In the world where we can decide on the placements of our speakers with great flexibility for the audience, I wholeheartedly encourage the use of stereo speakers and mixing in stereo. The use of stereo speakers necessitates segmenting the audience into comparatively narrow segments to facilitate similar arrival times and volume levels at every seat. The most common way this is achieved is via alternating left/right/left/right speaker arrays. Half the audience will have their stereo image of the stage reversed, but I’ve never had a patron notice this. The additional flexibility in terms of space in the mix from alternating left/right is a boon to the mixer in all areas of the audience.

» Conclusion

In earlier, less visually motivated times, rooms for concerts were made narrower and deeper. Narrower and deeper rooms undoubtedly are superior for supporting a convincing stereo image over most of the audience, as the differences in arrivals between the left and right speaker arrays are less than in a wide and shallow room. Since these rooms are less common now, I feel that making space in a mono mix is an increasingly important skill.

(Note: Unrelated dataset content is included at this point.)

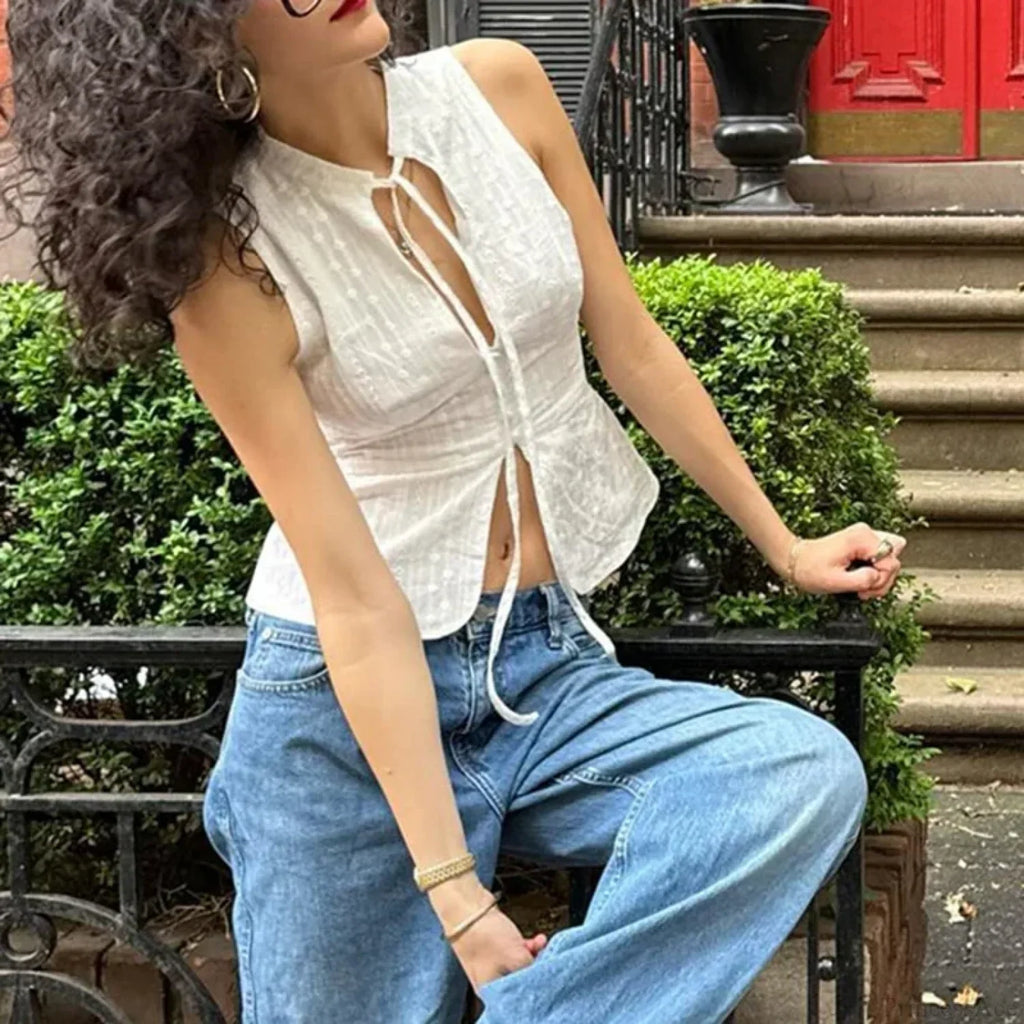 Vintage Jacquard Tie Up Neck Front Cutout Y2K Cottage Streetwear Crop Top image 3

As a FOH or monitor mixer, I encourage the motivated reader to practice mixing in mono. If you become more adept separating instruments using level, equalization, compression, or different effects in the mono context, then your mix will have that much more “room” when the PA for proper stereo panning arrives. Alternatively, for the mixer skilled at mixing in mono, consider adding a bit of panning to your mix and see if doesn’t open up your mixes even more, at least for the segment of the audience that can experience proper stereo.

Mid-Side Explained

Mid-side is a technique for re-representing the information of a stereo audio signal. The “mid” channel is derived by:

Mid = A(Left + Right)

Where “A” is a constant that compensates for the change in volume of the summed left and right signals.

In similar fashion, the side channel is derived by:

Side = (Left - Right)

A little bit of algebra shows that the left and right channels can be extracted back from the mid and side by either adding or subtracting the two channels from each other.

Mid-side is popular in the recording studio context, and is used in some lossy compression schemes. It is also used in mastering, because one can use compression with different attack and release on the mid channel versus the side channel. Because modern pop music typically has more percussive material in the mid channel, tailoring the attack and release for the mid channel separate from the side is often effective.

Delay Panning

When stuck in an environment where one cannot pan the level of sources, because the stereo image would collapse, another technique that can be effective is delay panning. In delay panning, the source is delayed, typically between 8 and 20 milliseconds (ms), in the channel where the panning is desired.

So, rather than turning down the guitar in either the left or right channel, we instead draw their localization image left or right using a little bit of delay in the appropriate channel. For people in the center of the audience, who can clearly hear both speaker arrays, the delay will manifest for them as changing the localization direction of the source.

For people outside the coverage area of both loudspeakers, they will still hear all the sources at the same level, but certain sources will have a small amount of delay on them in the mix. Generally this delay is not readily audible, and certainly less so than a source missing from the mix entirely, due to level panning.

Implementing delay panning on a modern digital console is usually an achievable process, but this author is not aware of any digital console manufacturers who have implemented delay panning as a native mode inside their digital offerings.